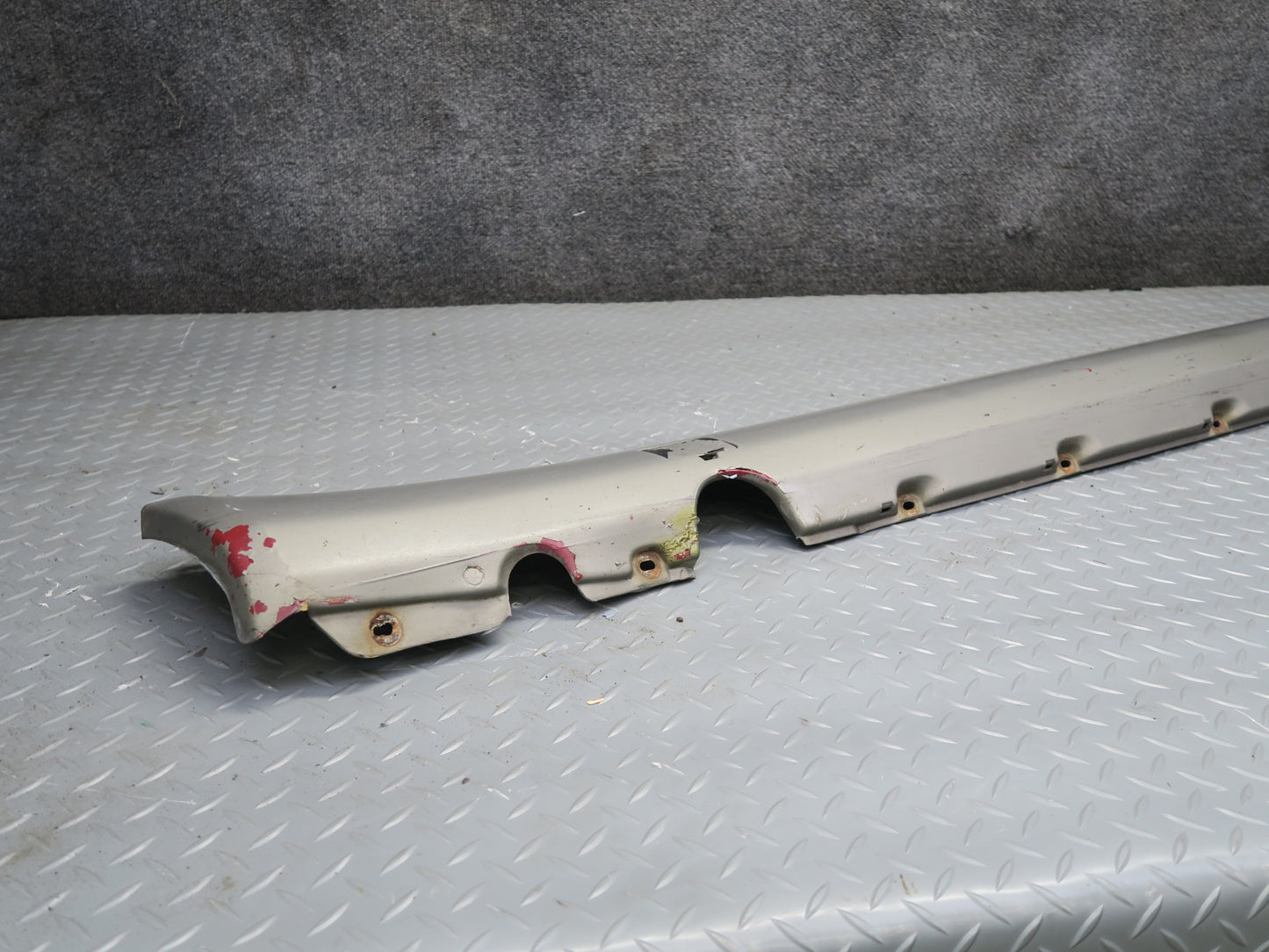 90-93 Mercedes W124 300E Left & Right Side Skirt Rocker Panel Molding Set OEM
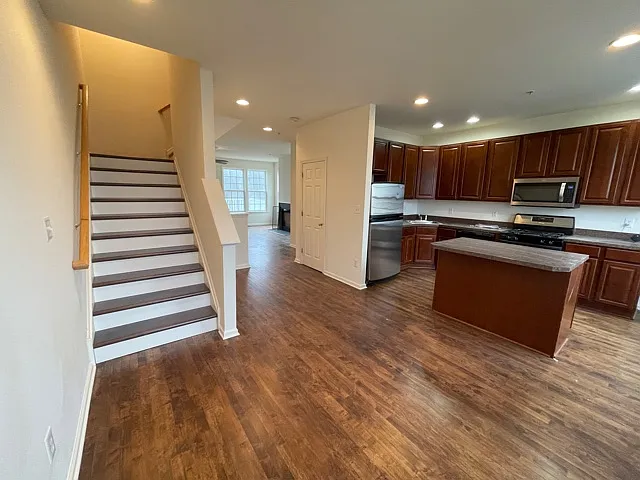 3 bed, 2.5 bath, 2000 sqft, $2,700 — Photo 3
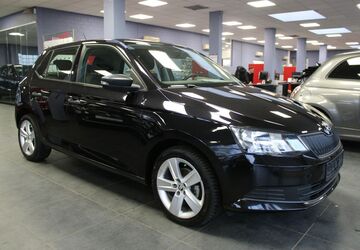 Skoda Fabia 84.870 km 8.480 &euro; Euskirchen 53881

• [WHAT TO PRODUCE]:
One exact copy of the data is required, and it should hold no pictures.

• [FINISHED EXERCISE]:
 90-93 Mercedes W124 300E Left & Right Side Skirt Rocker Panel Molding Set OEM
 3 bed, 2.5 bath, 2000 sqft, $2,700 — Photo 3
 Skoda Fabia 84.870 km 8.480 &euro; Euskirchen 53881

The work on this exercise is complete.